苏淮没说话。他看着桌子上的那张纸,上面画著镇子的草图,标注著几个关键位置。检查站、种植园入口、古兹曼庄园的巡逻路线。
"你画的?"
丹尼尔把纸折起来,收进口袋。
"我了解这个镇子。"他说,"我了解古兹曼的人。我知道他们什么时候会动手,什么时候只是看着。"
"这次呢?"
"这次只是看着。"丹尼尔说,"但下一次就不一定了。"
他站起来,走到窗边,看着外面的院子。
"苏淮,你听着。"他说,声音很低,"我带你回来,是因为你说你能让这个地方变一变。我没有问你用什么方法,我也没有问你为什么要这么做。但我要告诉你一件事。"
他转过身,看着苏淮。
"古兹曼不是傻子。他知道你在做什么,他只是不在乎。对他来说,你帮几个人看病,给几个人送药,这不算什么。这个镇子上每天都有人死,多一个少一个,不影响他的生意。"

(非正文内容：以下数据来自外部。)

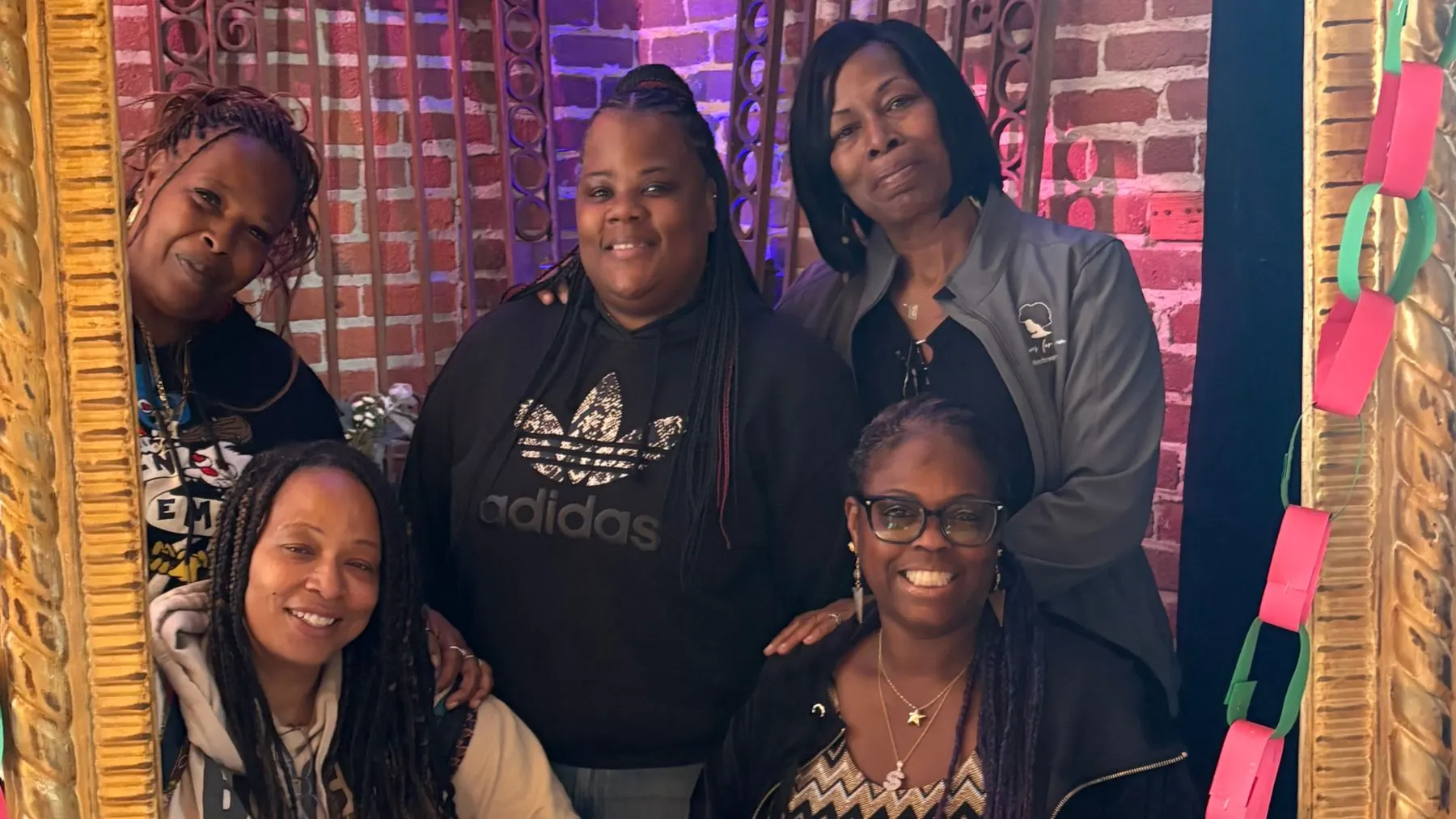Members of Solutions for Women smiling together inside a festive holiday frame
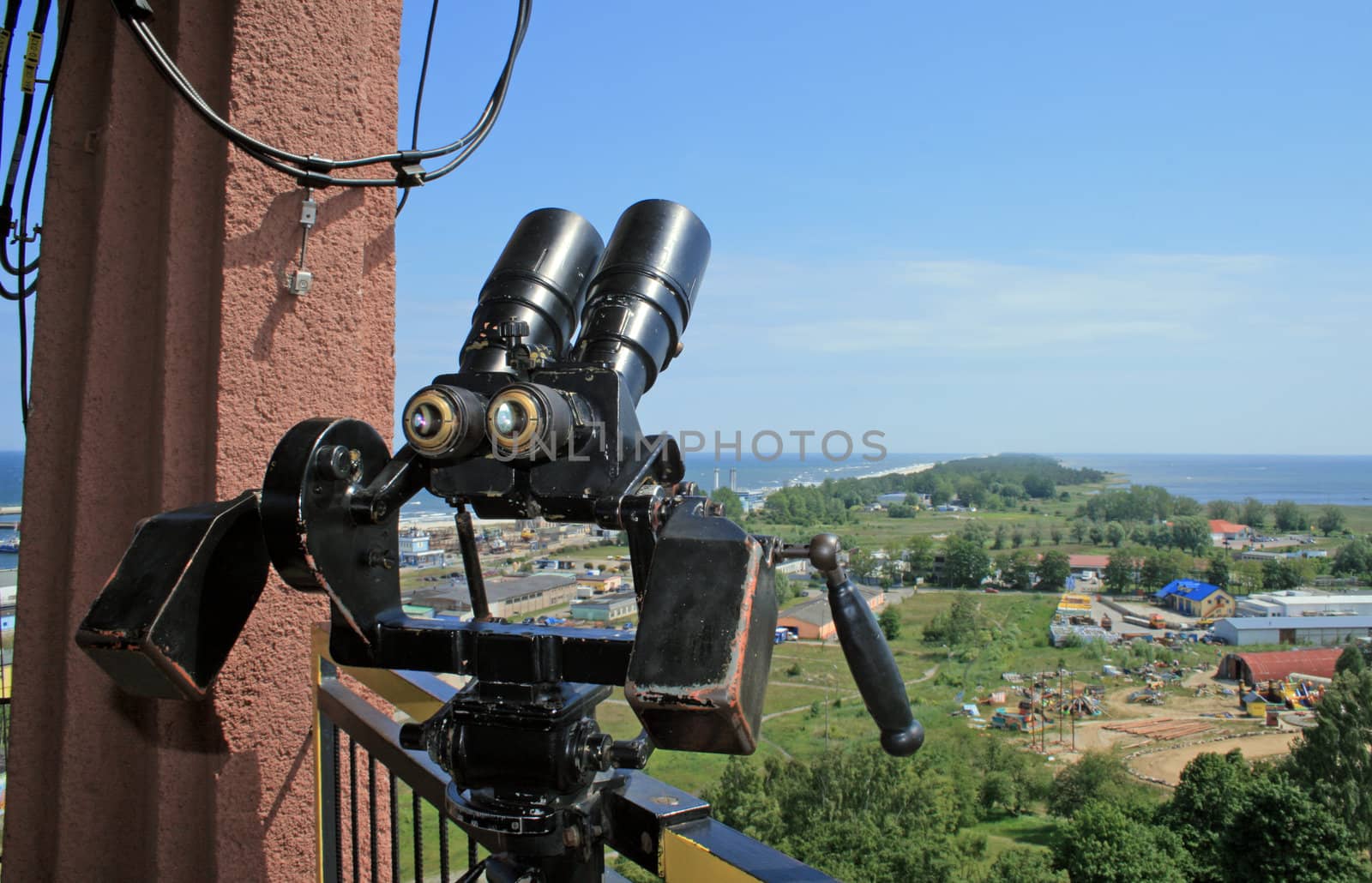 Binoculars and the aerial view of the "helski" peninsula, tombolo at Wladyslawowo, Poland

"但如果,"丹尼尔停顿了一下,"如果你开始组织人,开始让这些人聚在一起,开始让他们觉得自己可以不需要他,那时候他就会在乎了。"
"玛塔就是这样?"
丹尼尔的眼神闪烁了一下。
"玛塔不一样。"他说,"玛塔想让他们种咖啡,想让他们自己卖,想让他们摆脱古兹曼。她太急了,她想让所有人一下子都站起来。"
"结果呢?"
"结果古兹曼给了她一个选择。"丹尼尔说,"加入他,或者离开。"
"她怎么选?"
他抬起头,看着苏淮。
"她不会再回来了。"
苏淮没说话。他站起来,走到窗边,和丹尼尔并排站着。
院子里的石桌上还放著那袋玉米饼,几只蚂蚁正在袋子边缘爬行。远处的山上传来一声鸟鸣,尖锐而短促。
"卢卡斯明天凌晨出发。"苏淮说,"后天晚上回来。"
"如果回得来。"
"如果回得来。"苏淮重复了一遍。
两个人沉默了很久。
"你为什么要这么做?"丹尼尔突然问,"我是说,真的为什么。你不认识米格尔,你不欠佩德罗任何东西。你冒着得罪古兹曼的风险,就为了救一个孩子的腿。这说不通。"
苏淮看着远处的山。
"如果我现在不救他,"他说,"以后就不会有人相信我。"
"相信你能做什么?"
"相信我能带他们走出去。"
丹尼尔转过头,看着苏淮的侧脸。
"你是认真的。"他说。语气是肯定的。
苏淮没有回答。
院子里安静了很长时间。太阳已经升得很高了,阳光透过窗户照进来,在地板上投下一道明亮的光斑。
"我去看看卡米拉。"丹尼尔最后说,"她在餐馆打工,今天有集市,会很忙。"
他走向门口,在门槛上停下脚步。
"苏淮。"
"嗯。"
"如果卢卡斯回不来,"丹尼尔说,"如果米格尔的腿保不住,你会怎么做?"
苏淮转过身,看着丹尼尔。
"我会做我该做的事。"他说。
丹尼尔点点头,走出了屋子。
苏淮独自站在窗边,看着院子里的石桌,看着那些蚂蚁,看着远处山顶上古兹曼的庄园。
明天凌晨,卢卡斯会走进山里。后天晚上,他可能会带着救命的药物回来,也可能永远不会回来。
苏淮从口袋里掏出一块手帕,擦了擦手。手帕上有一些褐色的污渍,是昨天给罗莎包扎伤口时留下的。
他把帕子收好,走出屋子,来到院子里。